Para o síndico profissional Tiago Marsaioli, a convergência entre a legislação estadual e as normas de segurança nacional traz a segurança jurídica necessária, mas expõe gargalos operacionais severos. “O grande desafio não é apenas técnico, mas financeiro e estrutural. Muitos edifícios antigos operam no limite de sua capacidade elétrica, e a instalação de uma única estação de recarga rápida pode comprometer o sistema de todo o bloco se não houver um projeto de reforço robusto. A grande maioria dos prédios, novos ou antigos, não suporta carga de muitos carregadores e se faz necessário um sistema que faça a gestão das recargas e balanceamento adequado de potência para evitar sobrecargas e desligamentos”, pontua.

Marsaioli destaca que a implementação em prédios construídos há mais de 30 anos exige uma análise financeira que muitas vezes divide as assembleias. De acordo com o síndico, em muitos casos, a adequação exigida pelos Bombeiros, como a instalação de sprinklers ou sistemas de exaustão em garagens subterrâneas, possui custo proibitivo. Nestas situações, a gestão precisa ser capaz de justificar tecnicamente a impossibilidade da instalação imediata sem ferir a nova legislação.

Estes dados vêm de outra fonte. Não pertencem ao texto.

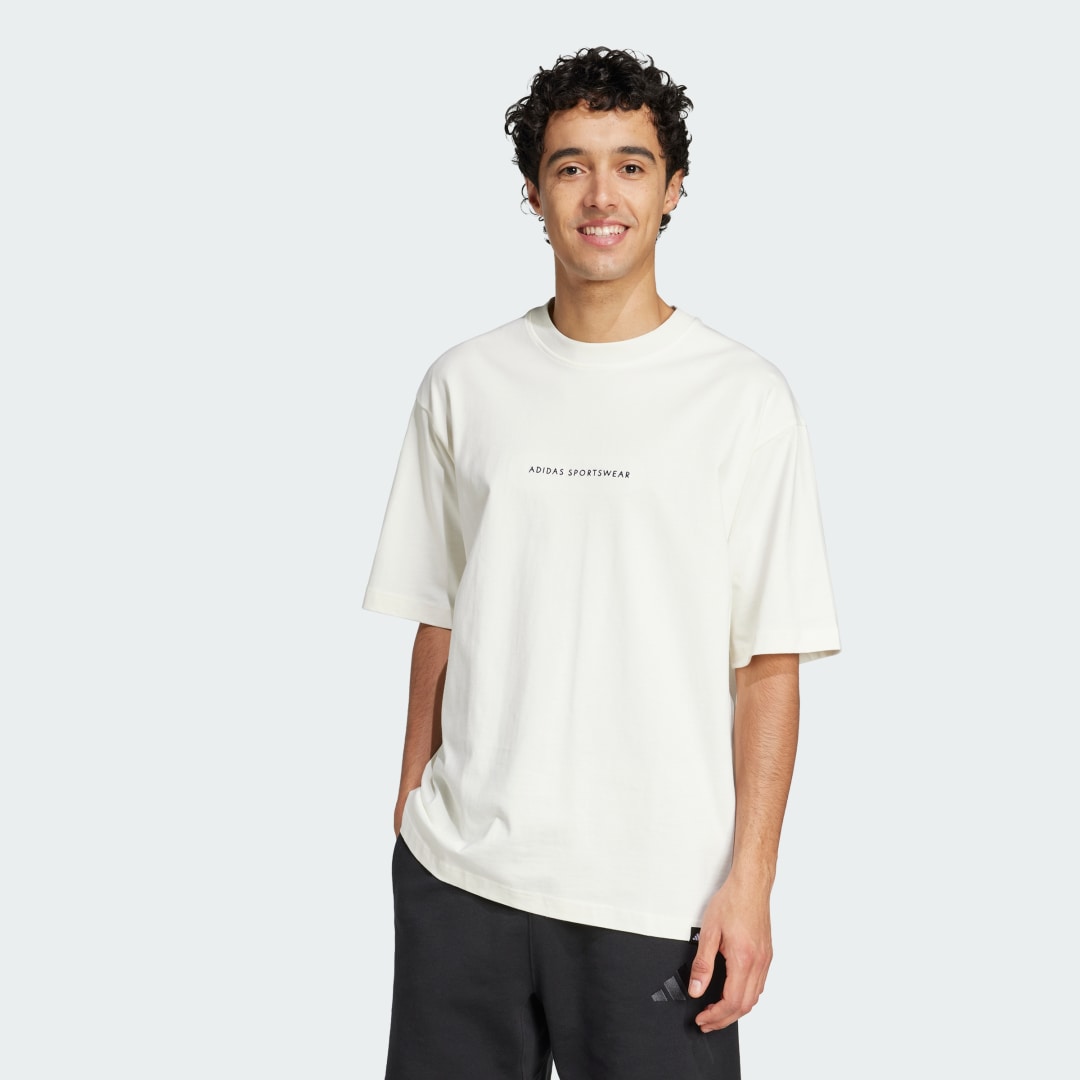 Тениска adidas Performance Codes Doodle Camp Graphic Tee Бяло | JJ3971, 0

“A lei estadual sinaliza um caminho sem volta para a sustentabilidade. No entanto, precisamos ter cautela para não criar uma insegurança elétrica nos condomínios. Não se trata apenas de colocar um carregador na vaga, mas de repensar toda a prumada do edifício e garantir que, em caso de um incidente com baterias de lítio, o prédio tenha meios de contenção que hoje a maioria não possui”, afirma. Ele ressalta que o descumprimento das normas pode resultar em multas e na perda da cobertura do seguro predial.

A recomendação para as administrações é a contratação de auditorias elétricas antes de qualquer deliberação sobre a compra de equipamentos. Segundo Marsaioli, o síndico moderno precisa atuar como um mediador entre o desejo de modernização dos moradores e os limites físicos da edificação. “O foco deve ser a implementação escalonável: preparar a infraestrutura básica agora, para que o condomínio cresça junto com a frota elétrica, evitando reformas emergenciais e gastos extraordinários não planejados”, conclui.